В обширной литературе, посвященной этой повести, господствуют две точки зрения. Первая рассматривает связь «структурного фокуса Клеопатры и структурного фокуса Импровизатора» как условную, «результат некоей агглютинации, «склеености»»[298]. Внутренняя связь между двумя планами повести берется под сомнение. Так, автор процитированной выше (и одной из последних по времени) работ о «Египетских ночах», нью-йоркский профессор Л Ржевский, признавая связь между темой Импровизатора и поэтической вставкой «Поэт идет: открыты вежды…», замечает: «Должен признаться, что до меня эта сопоставительная трактовка Достоевского — мир Клеопатры и мир современный — как-то не доходит, не кажется сколько-нибудь убедительной»[299]. Естественным результатом такого представления является вывод о незаконченности повести Пушкина, крайними проявлениями которого становятся опыты разнообразных «окончаний», призванных завершить «Египетские ночи».

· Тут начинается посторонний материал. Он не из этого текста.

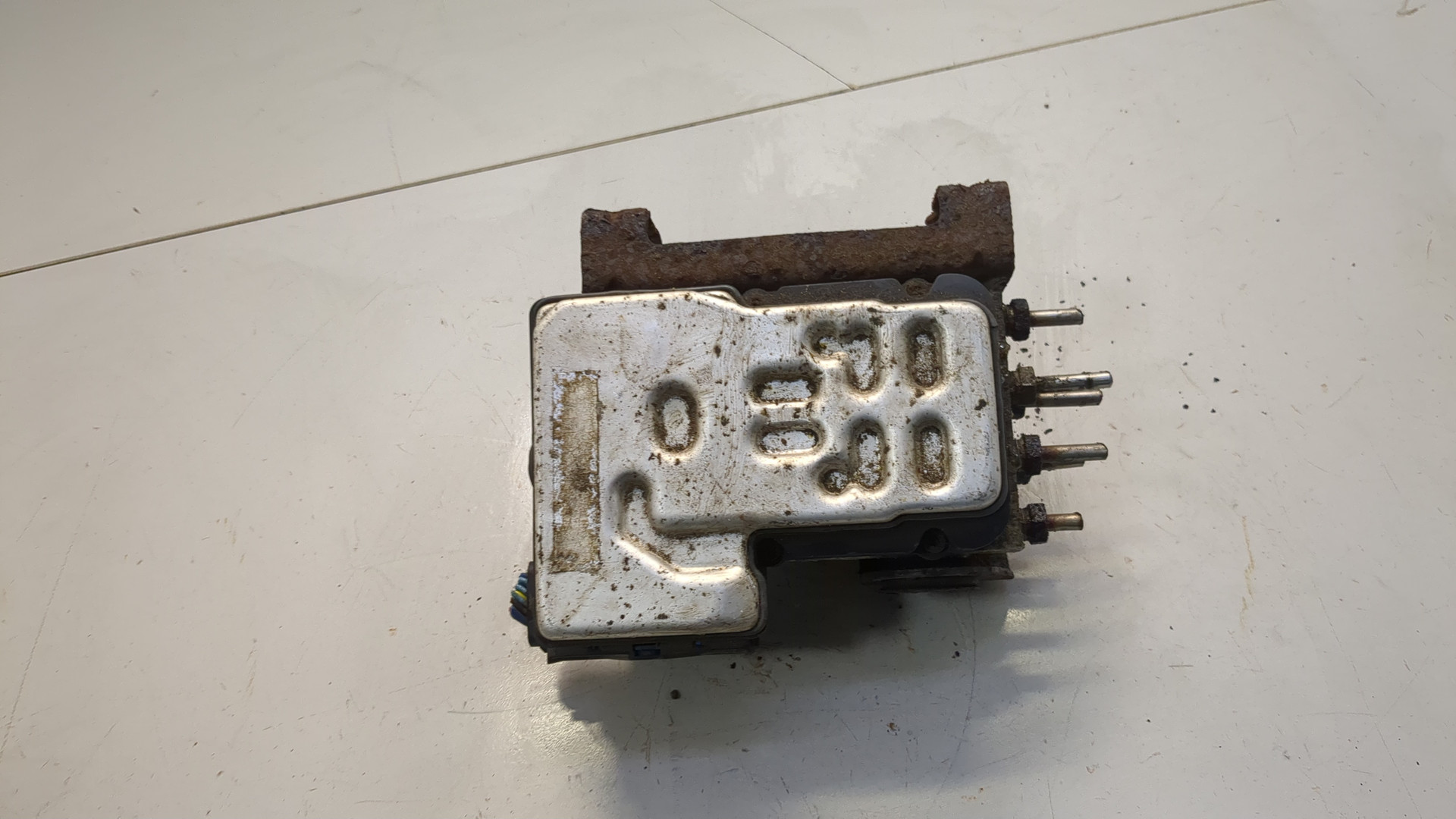 Блок ABS (насос)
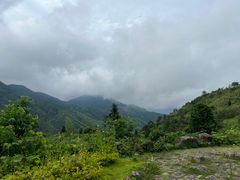 -浙西天池景区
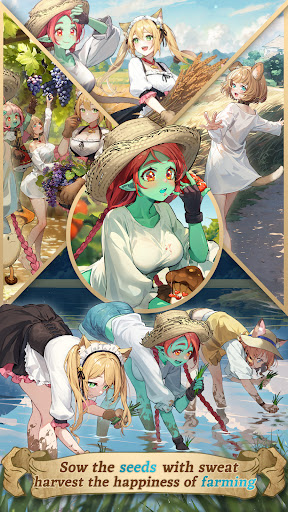 Isekai:Slow Life screenshot 3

Противоположная точка зрения, энергично предложенная Достоевским, утверждает смысл повести не в сюжетных перипетиях и описаниях «таинств ночей» Клеопатры, а в параллели между двумя духовно умирающими мирами. В этих условиях повесть Пушкина выступает как законченная, и необходимость продолжений отпадает.[300]

Мнение это было полностью поддержано А. А. Ахматовой, которая, настаивая на параллелизме между эпизодами, посвященными «древней» и «новой» Клеопатре, решительно утверждала, что пушкинская повесть закончена и в продолжении не нуждается. Аналогичную же мысль она высказывала и по отношению к «римской повести». Несмотря на спорность чисто биографических «ключей», подбираемых Ахматовой к пушкинским текстам, безошибочность ее эстетического чувства бесспорна. Данного примера, как кажется, достаточно, чтобы отвергнуть мысль о том, что вставные эпизоды тематически не связываются у Пушкина с основным сюжетом и являются результатом случайной контаминации отрывков.

Итак, рассказ раба должен интерпретироваться в общем контексте сюжетного замысла повести.

Проведенный анализ раскрывает нам первую существенную грань пушкинского понимания эпохи Иисуса, что позволяет сделать, возвращаясь к началу нашей статьи, и первые предположения о природе задуманного в 1826 г. сюжета. Конечно, мы не можем отождествить замыслы драмы 1826 г. и повести 1833–1835 гг. Однако отрицать сюжетную связь между ними было бы странно. Для нас же важно выяснить, какие проблемы ассоциировались у Пушкина с именем Иисуса.

В основе «маленьких трагедий» лежат конфликты между эпохами и культурами[301]. В основе замысла об Иисусе — столкновение эпохи античного язычества и новой христианской цивилизации. Однако можно попытаться извлечь из «Повести из римской жизни» и более конкретные черты замысла. О каких моментах из жизни Христа должен был рассказывать раб?